Spin the wheel of healing — where does it land?
Hint: it’s not where you think!
Annie and I went to Dr. Soto’s office at noon for the preop appointment. He came into the room and stood by the door while he told us about the operation. That took about five minutes (with a couple questions from us) and then he sent me over to get a final x-ray.
I’ve lost count of how many x-rays I’ve had since February 18, but I imagine it is well over 50. I no longer need a night light in my room as my glow provides sufficient guidance to get me safely from my bed to the bathroom and back. Too bad I wasted the money on the vasectomy two years ago as I’m sure all this radiation would have had the same effect.
We shot these two and then I went back to the room where Annie was waiting. Dr. Soto showed up a couple minutes later and pulled the x-rays up onto the screen. He brought up the straight-on shot, which always looks perfect, and then brought up the one that is shot from a 25° angle. This is the one that always shows the area where no bone has grown across the gap.
“Hold on one second,” Soto said, clenching his mouse.
He clicked on the ZOOM icon and dialed in on the troubled spot.
“You are throwing down some bone, my friend.”
It was almost in slow motion — the computer screen, the words out of his mouth, the poking in my side from Annie’s elbow. I looked at the screen and saw what I had been hoping to see for the last six weeks. It wasn’t a lot, nor was it very dense. But I’ll be damned, where there had only been black space, there was white bone.
Six days earlier I had made the decision, based upon Soto’s logic, that if nothing had grown in six weeks, it was time to help it along. I mean, the other side of the break had healed so well that it was undetectable in the x-ray!

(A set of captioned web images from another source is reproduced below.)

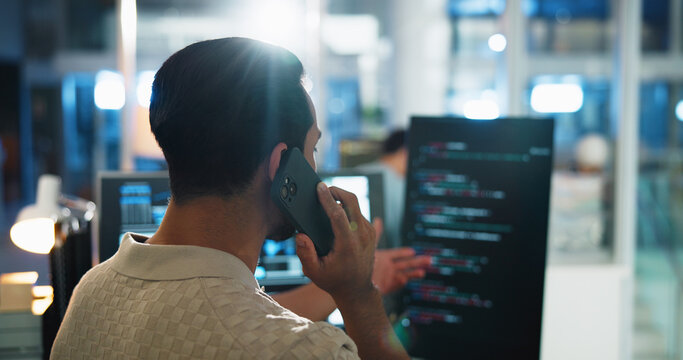 Office, man and developer with computer screen for phone call, coding consulting and back with contact. Night, business person and programmer with mobile for IT support, talking and software update
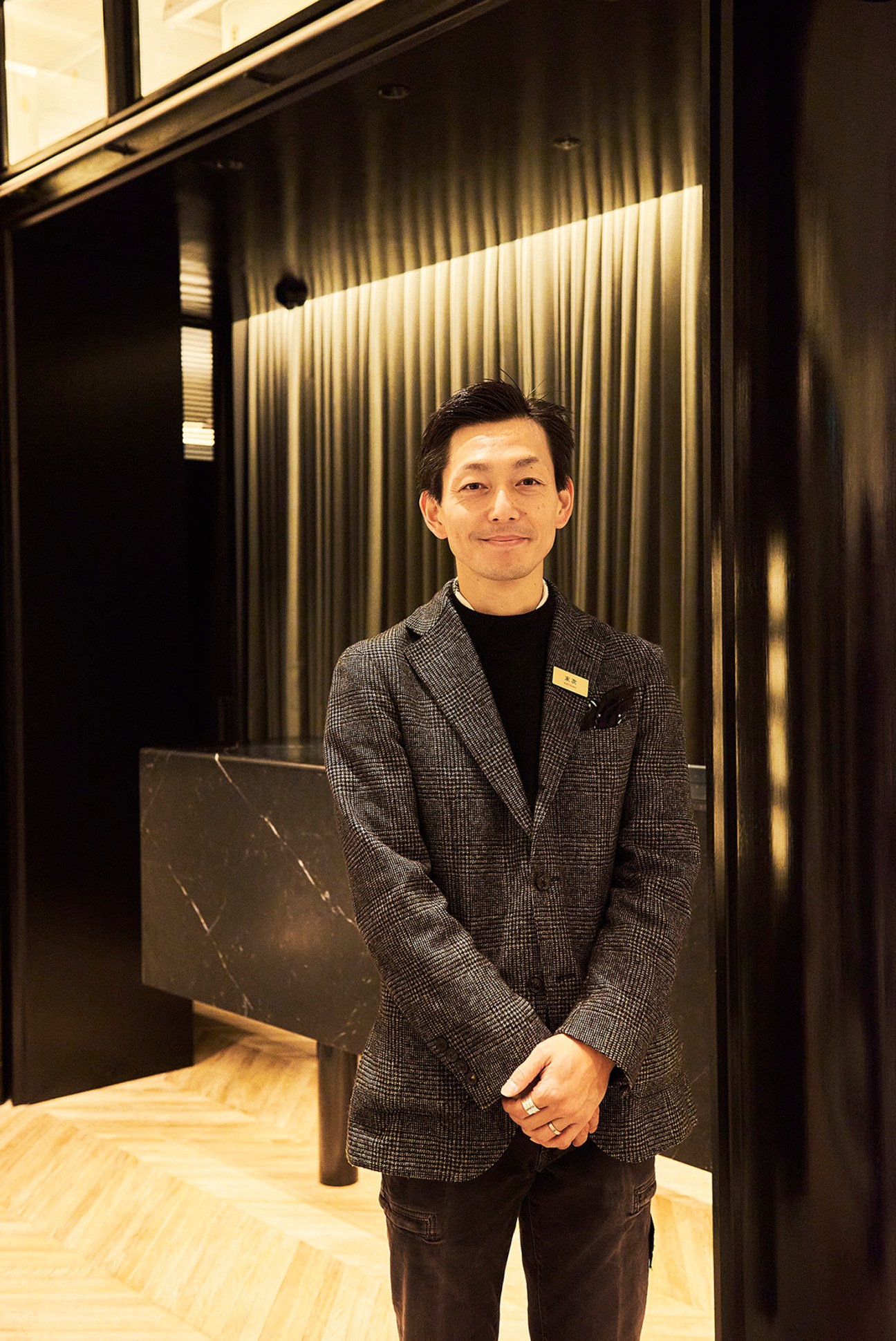 Man in formal attire posting for a photo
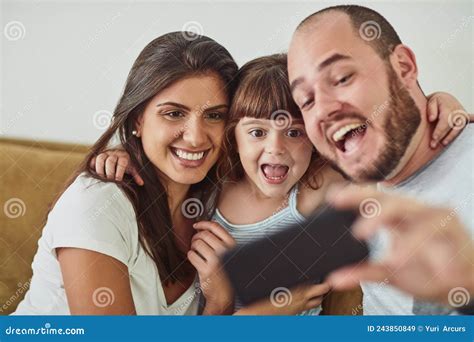 Super Happy To Spend Time With The Fam Shot Of A Mother And Father Taking Selfies Together With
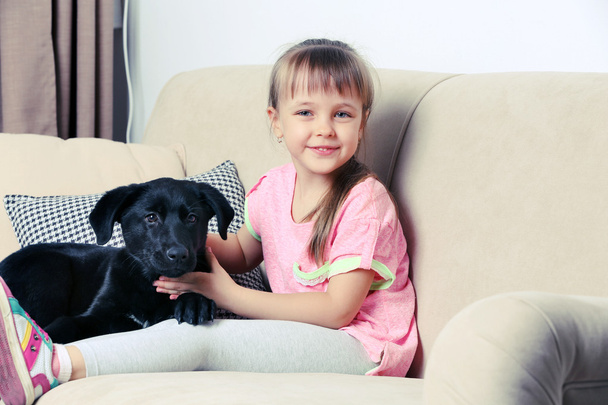 Little girl with puppy on sofa - Fotó, kép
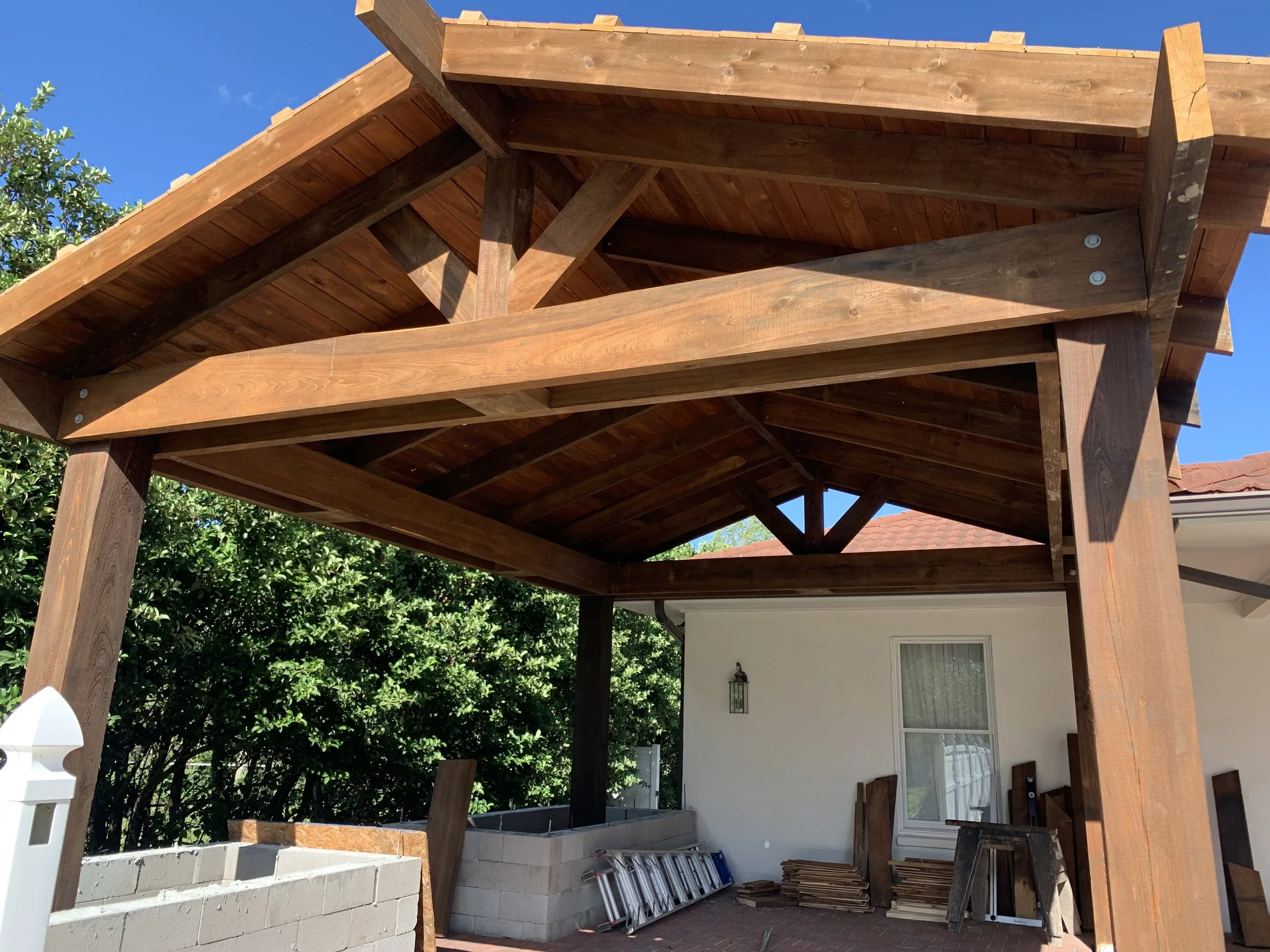 Under construction wooden patio cover with support beams, stored construction materials, and a ladder, next to a house with a window and outdoor light fixture, and lush green trees in the background.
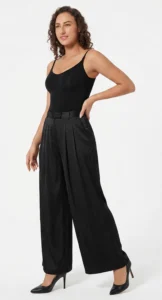 Model wearing a CALIFLO's Classic Body Shaper Bodysuit Model wearing califlo classic body shaper thong with black pants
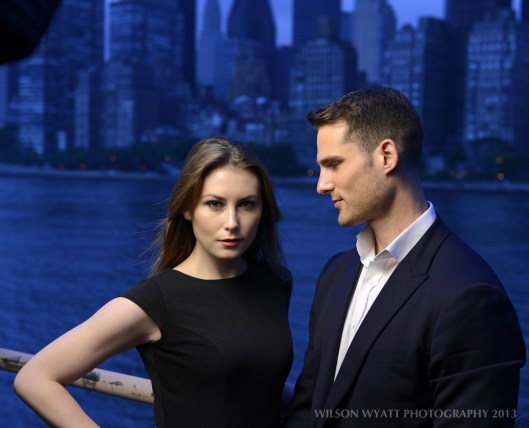 Portrait of professional models Andy Mizerek and Nastasia at night with New York background, taken from Roosevelt Island.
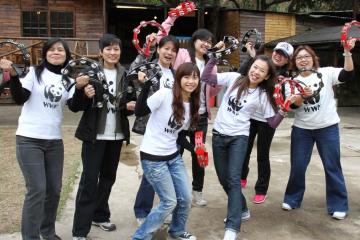 	team cheering at the camera for group picture music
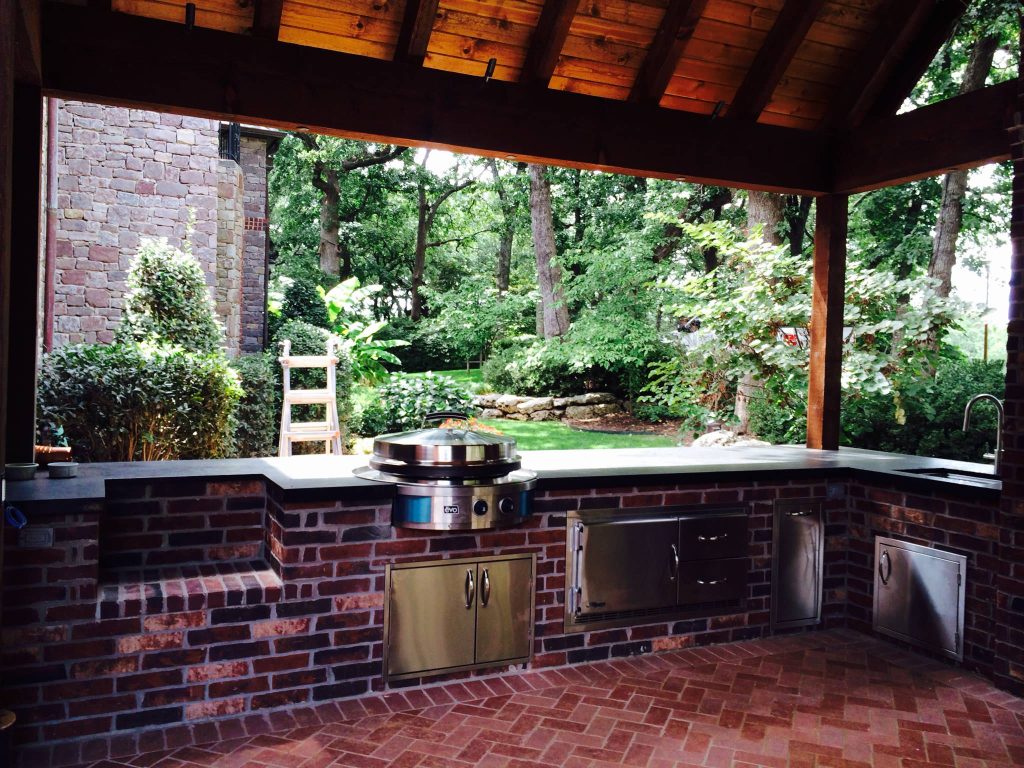 Mid-sized transitional backyard brick patio kitchen photo in Other with a roof extension by Jack Wills Patio & Fireplace | Outdoor Photos | Porch | Landscaping | Landscape Design | Outdoor Living Space | Porch Design Ideas | Outdoor Living Space Ideas | Backyard Design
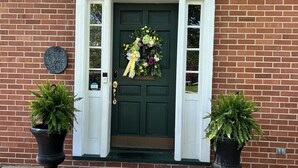 A brick house with a green door, number 4016, a welcome sign, a wreath, and two potted plants. - HOT TUB Columbus Indiana  (Columbus)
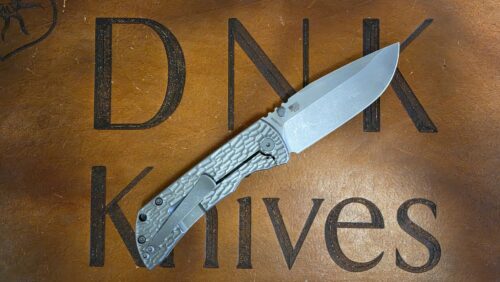 McNees Knives PM Mac 2 Jigged Stonewashed Titanium 3.5″ Atomic Magnacut Drop Point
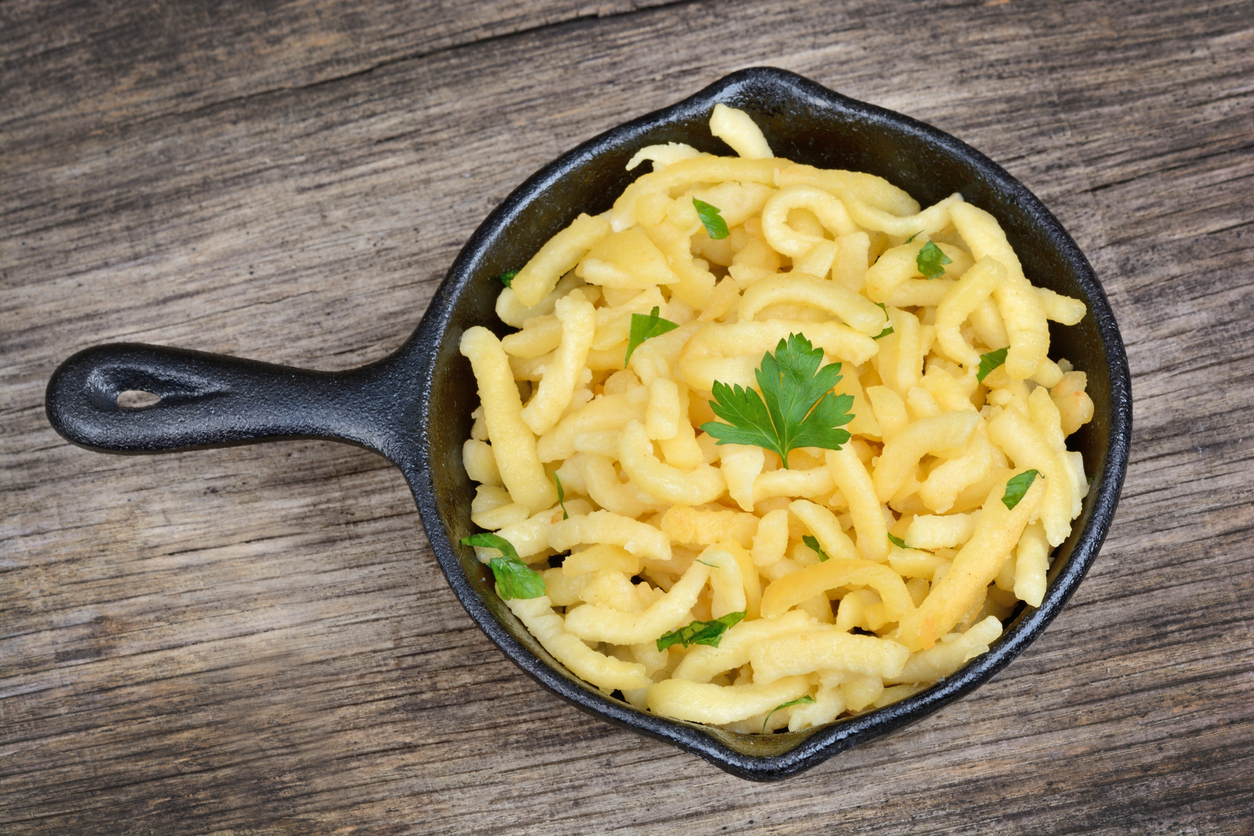 Kleine gusseiserne Pfanne mit selbstgemachten Spätzle und Petersilie auf rustikalem Holztisch.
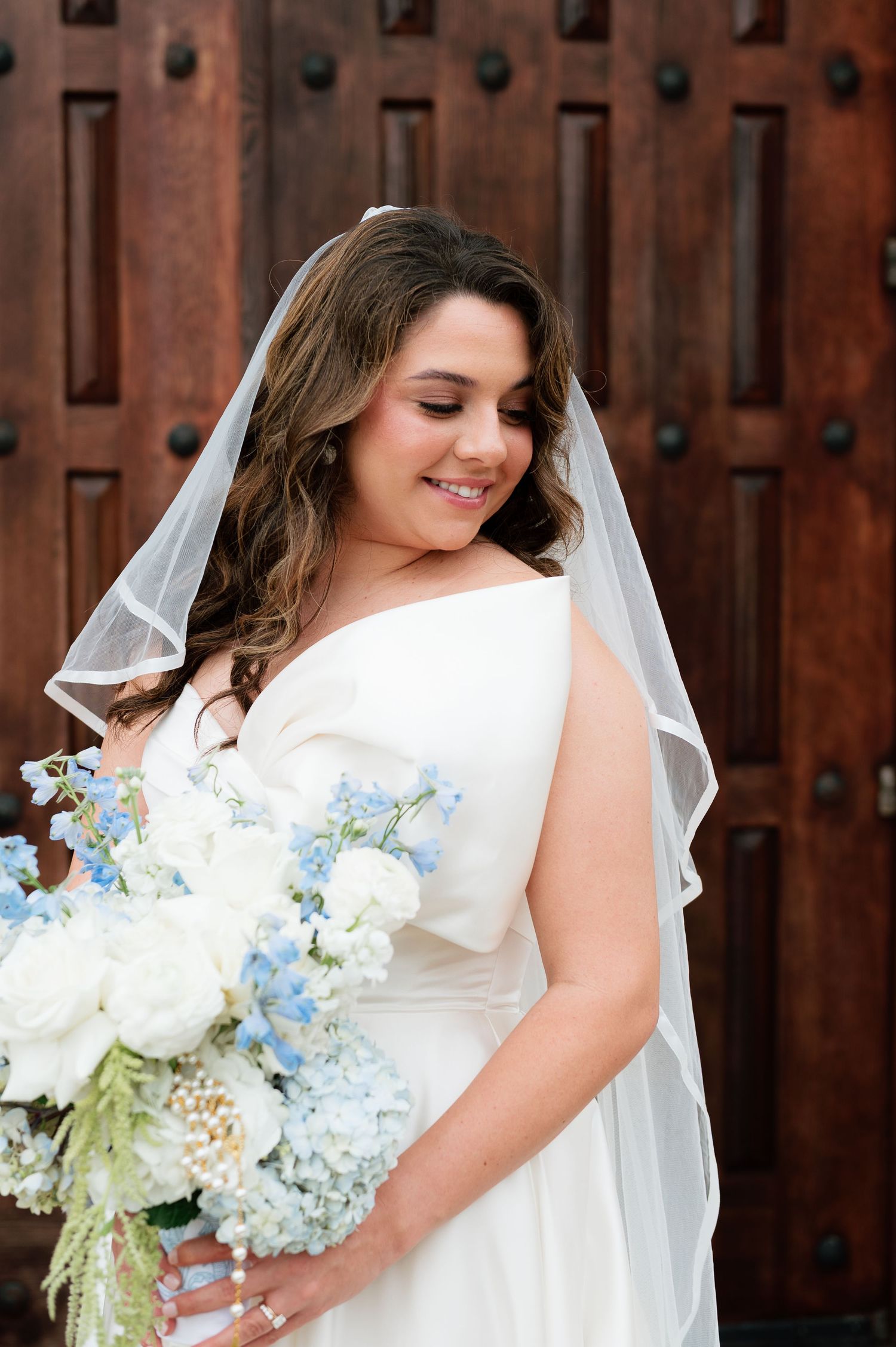 Smiling bride in white gown and veil holds blue and white hydrangea bouquet before wooden doors.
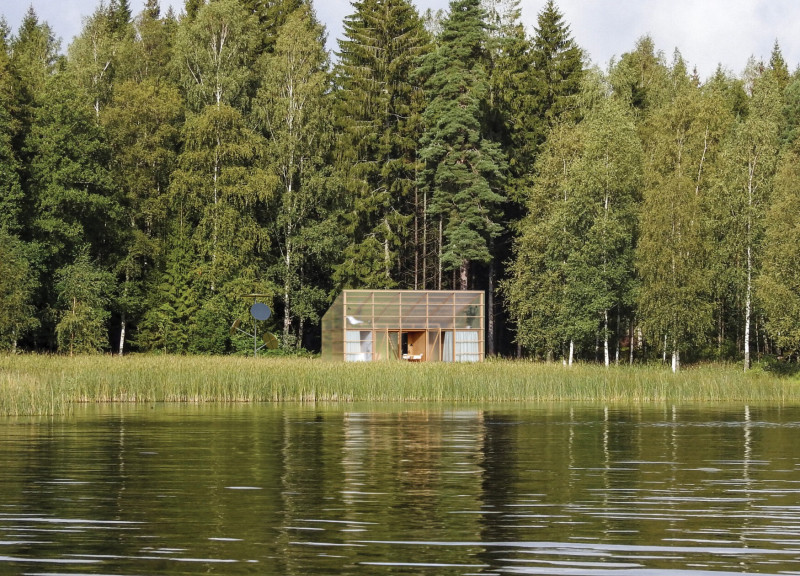 Translucent Polycarbonate and Elevated Wood Structure Enhancing Community Living by the Lake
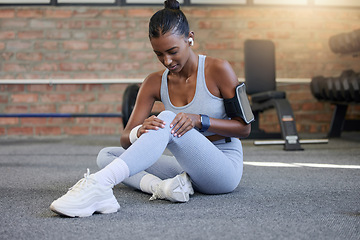 Image showing Fitness, injury or sports woman with knee pain after exercising, body training accident in workout. Red glow, floor or injured Indian girl suffering from muscle tendon after legs exercise at gym club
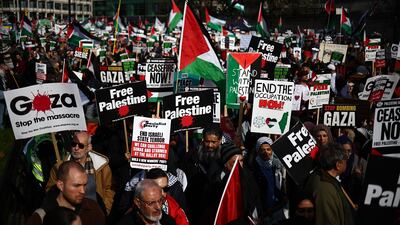Pro-Palestinian activists and supporters wave flags and carry placards during a march through London, on Saturday. AFP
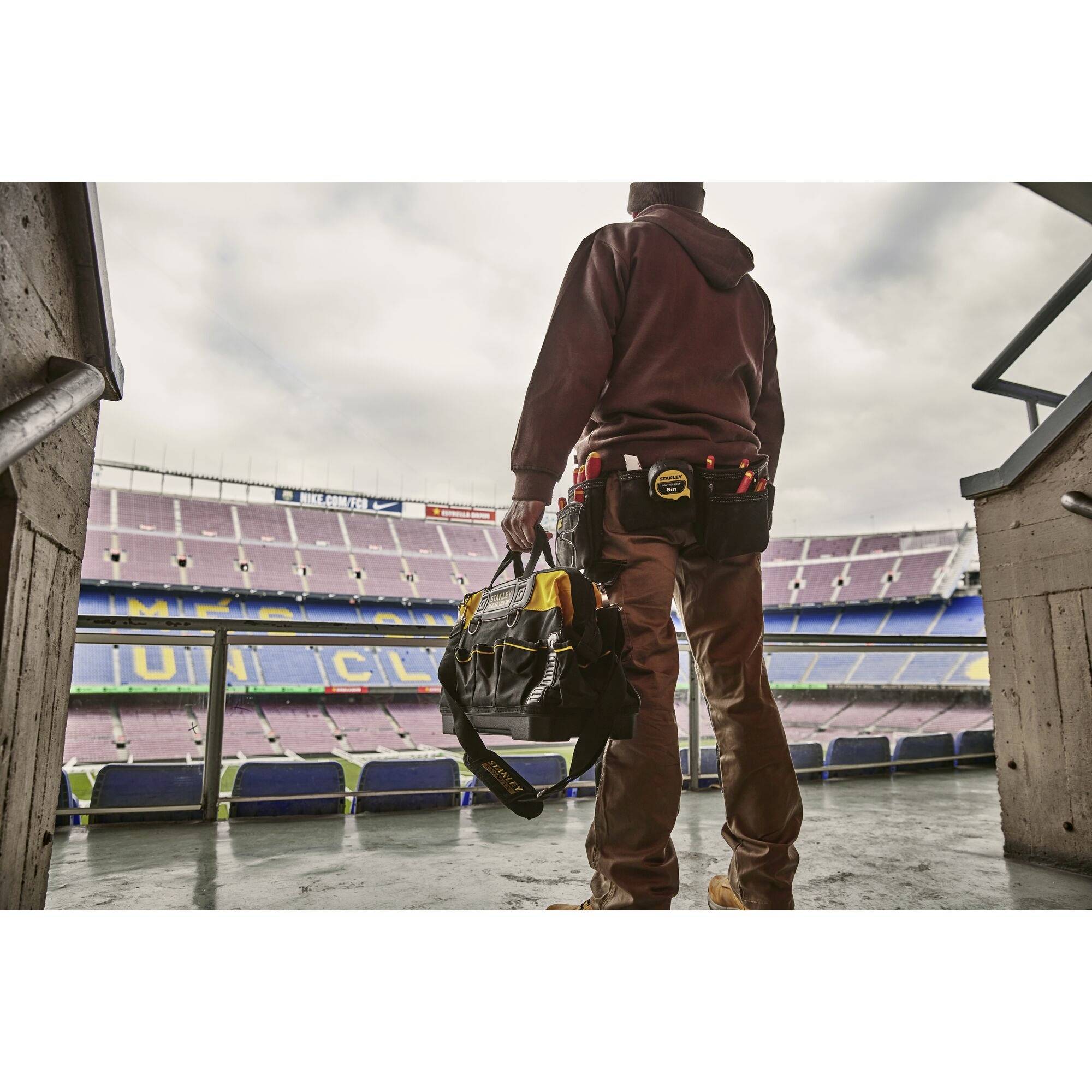 A person in work attire stands at the entrance of an empty football stadium, holding tool bags.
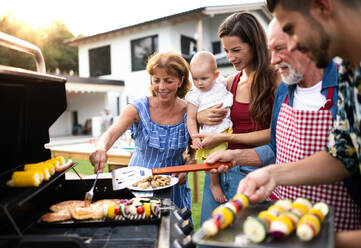 Porträt einer Mehrgenerationen-Familie, die im Garten grillt und sich unterhält. - HPIF26468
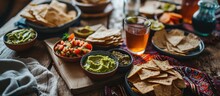 A Tablecloth With Geometric Patterns And Elegant Leaves Decorates The Table Where Two Bowls Of Hummus And Guacamole Are Served With Whole Wheat Toast And Breadsticks A Healthy And Delicious Sna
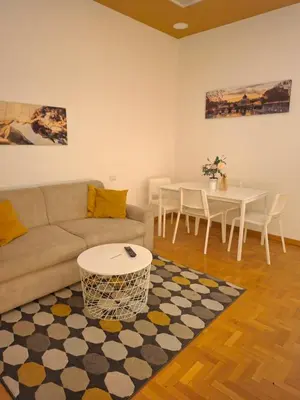 a living room with a couch and a table at Athena's Apartment in Rome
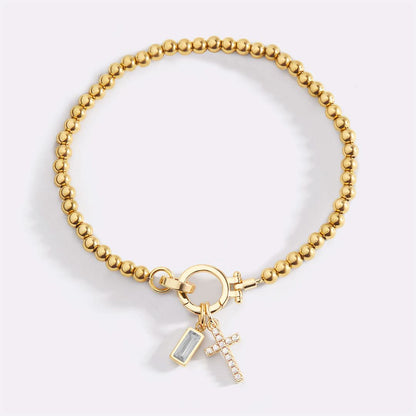 Bracelet avec pierre de naissance et breloque en croix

What’s going on here? Was it a miracle? Grand intervention of the holiest kind? Every time Craig worked on me I was able to close my hand, and I didn’t understand that — how could it work? But that much bone, out of the blue, after six weeks of zero growth? One thing’s for sure, trying to break it down is way beyond the scope of this blog, or my brain.
I called Craig from the doctor’s parking lot and told him. He let out whoot that probably damaged my cell phone headset. He was at work so I didn’t get to go into too much detail with him, but I wanted to let him know what happened.
So what does this mean?
One thing for sure is that this Thursday I will not be having surgery! Dr. Soto rescheduled it for two weeks plus a few days and we will take a look again on Monday the 23rd. If bone is continuing to grow I will be free and clear and only need to look forward to having the pin removed. If growth has stopped, or isn’t proceeding fast enough, we will have to talk about the surgery again.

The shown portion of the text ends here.